International Privacy Standards
As the Internet grows, so too do concerns about privacy and confidentiality. Many countries and organizations are looking at legal and technical approaches to privacy protection for the global information infrastructure.
- Draft COE Declaration on Freedom of Communication on the Internet. November 29, 2002.
- Article 12 of the Universal Declaration of Human Rights states that " No one shall be subjected to arbitrary interference with his privacy, family, home or correspondence, nor to attacks upon his honour and reputation. Everyone has the right to the protection of the law against such interference or attacks."
- The International Covenant on Civil and Political Rights also includes a provision for privacy protection similar to the article in the Universal Declaration.
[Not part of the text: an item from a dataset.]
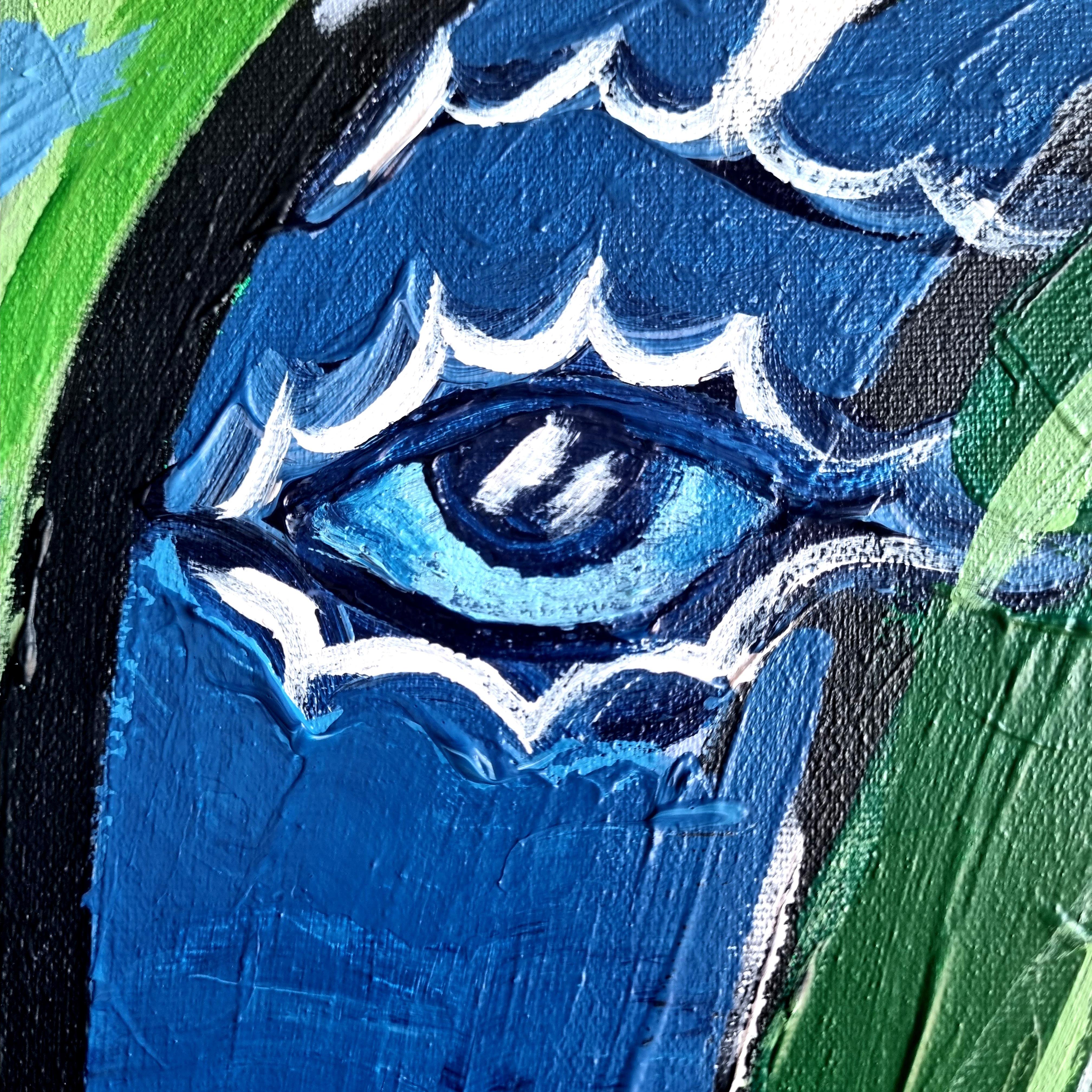 R. Poch Couple avec fleurs cm original acrylique en vente 3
- The OECD Guidelines is one of the primary documents for international privacy protection. The Guidelines were set out in 1981 and concern primarily stored data. For more information, see EPIC: OECD Releases Updated Guidelines.
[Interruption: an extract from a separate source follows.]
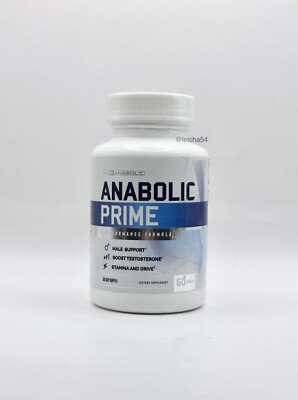 Anabolic Prime Male Support - Increase Energy, Stamina (60 Capsules) New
- The Council of Europe Convention is another European approach to privacy protection from 1981. Its requirements are binding on all signatory countries. See Also EPIC: Council of European Privacy Convention.
- The EC Data Protection Directive is the current focus of privacy discussion in Europe. The directive attempts to harmonize the various national privacy laws in Europe to promote European-wide commerce. The current version is likely to undergo further changes before it is finally adopted by the European Community.
- The UN Resolution on Surveillance was adopted in December 2013, in light of the Snowden disclosures, unanimously recognizing online privacy as a fundamental right. The resolution called on member states to adopt laws and procedures that comport with international law, emphasizing that "the same rights that people have offline must also be protected online, including the right to privacy."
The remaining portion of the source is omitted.